「外国為替資金特別会計」(外為特会)は、この知人の預金口座と同じと考えることができる。外為特会は、政府が外貨取引をする際に使われる「特別会計」の一つで、外国為替市場に介入する際の資金の供給源だ。
市場介入の決定権は財務相(財務省)が持ち、その指示で日本銀行が実務を行う。円高阻止のための「円売り・ドル買い」の市場介入を行う場合、財務省は日銀に「85円で1億ドルを買え!」といった指示を出す。これを受けた日銀は、市中銀行のディーリングルームに電話を入れ、財務省の指示を実行する。財務省はドルの購入代金を外為特会から支払う一方、受け取ったドルを外為特会に入金、「外貨準備」として蓄える。「円売り・ドル買い」の市場介入は、財務省が外為特会にドル預金を作っていることに他ならないのだ。

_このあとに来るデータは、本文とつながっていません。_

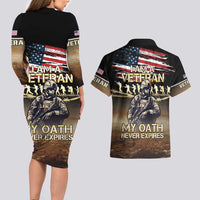 United States Veterans Day Couples Matching Long Sleeve Bodycon Dress and Hawaiian Shirt Thank You Veterans Proud US Flag LT05 - Wonder Print Shop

ドル高・円安を止めるための「ドル売り・円買い」の市場介入は、逆の流れをたどる。外為特会からドル資金を引き出して、日銀に「ドル売り・円買い」の市場介入を実施させ、受け取った円を外為特会に入金する。こちらは、ドル預金の解約と同じプロセスだ。
「外為特会」という口座で、ドル預金を作成・解約することで行われている市場介入だが、個人のドル預金とは決定的に違う点がある。個人の場合、元手となる円資金がなくなれば、ドル預金を増やすことはできない。しかし、外為特会では、介入資金を、国債を発行して得た資金、つまり借金で調達できるのだ。
財務省は「外国為替資金証券」(為券)という国債を発行し、これを売却して介入資金を調達している。2010年10月現在、為券の発行限度額は145兆円で、10年度予算の建設国債と赤字国債の発行枠の44兆円を大きく上回るほどの規模を持っている。この発行限度内なら、いくらでも為券を発行することが可能であり、介入資金にはかなりの余裕がある。
通常、赤字国債などで借金したお金は、公共事業や社会保障費などに使われて消えてしまう。これに対して、為券発行は、調達した資金でドル預金を作っているだけであるため、大きな発行額が認められているのである。
しかし、外為特会にも為替リスクは存在している。財務省は1ドル=100円を超える水準で、ドル買い・円売りの市場介入を続けてきた。ドル高の水準でドル預金を作り続けてきたわけであり、その後の円高で外為特会の為替損失は膨らみ、1ドル=85円なら約30兆円に達すると推計されているのである。
ドル預金の損失にため息をつく知人のように、外為特会に膨大な損失を抱え込んでいる日本政府。しかし、円高を阻止するための直接的な方法は、市場介入しかないのが実情であり、今後も外為特会を資金源とした市場介入が続けられることになるだろう。